- WORK TO COMPLETE
Set the material down again exactly, line by line, skipping each picture.

START INFORMATION PROVIDED

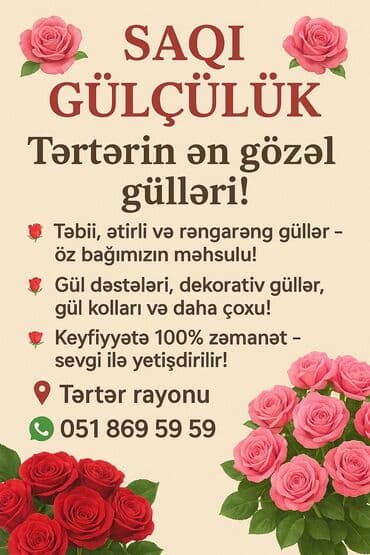 qapi dekoru: SAQI Gülçülük – Tərtərin ən gözəl gülləri • Öz bağımızda yetişdirilən — 1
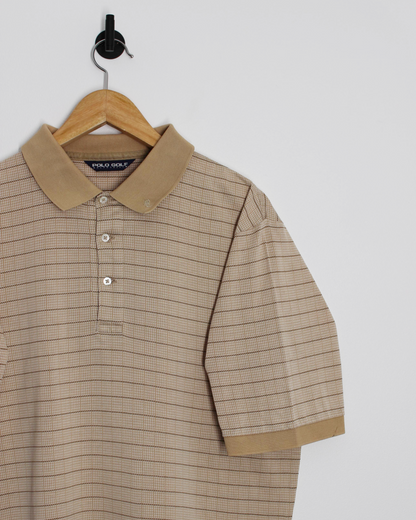 90s Ralph Lauren Abstract Beige Polo-Shirt (L)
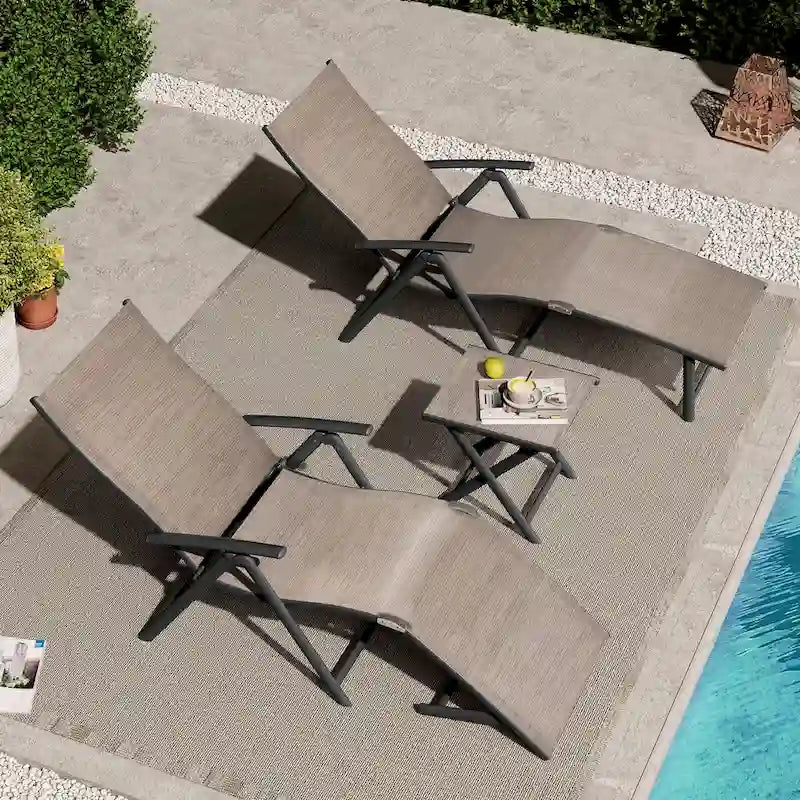VredHom Outdoor Portable Folding Chaise Lounge Chair with Table (Set of 3) - 70 L x 20 W x 14 H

END INFORMATION PROVIDED

- TASK ANSWER
 qapi dekoru: SAQI Gülçülük – Tərtərin ən gözəl gülləri • Öz bağımızda yetişdirilən — 1
 90s Ralph Lauren Abstract Beige Polo-Shirt (L)
VredHom Outdoor Portable Folding Chaise Lounge Chair with Table (Set of 3) - 70 L x 20 W x 14 H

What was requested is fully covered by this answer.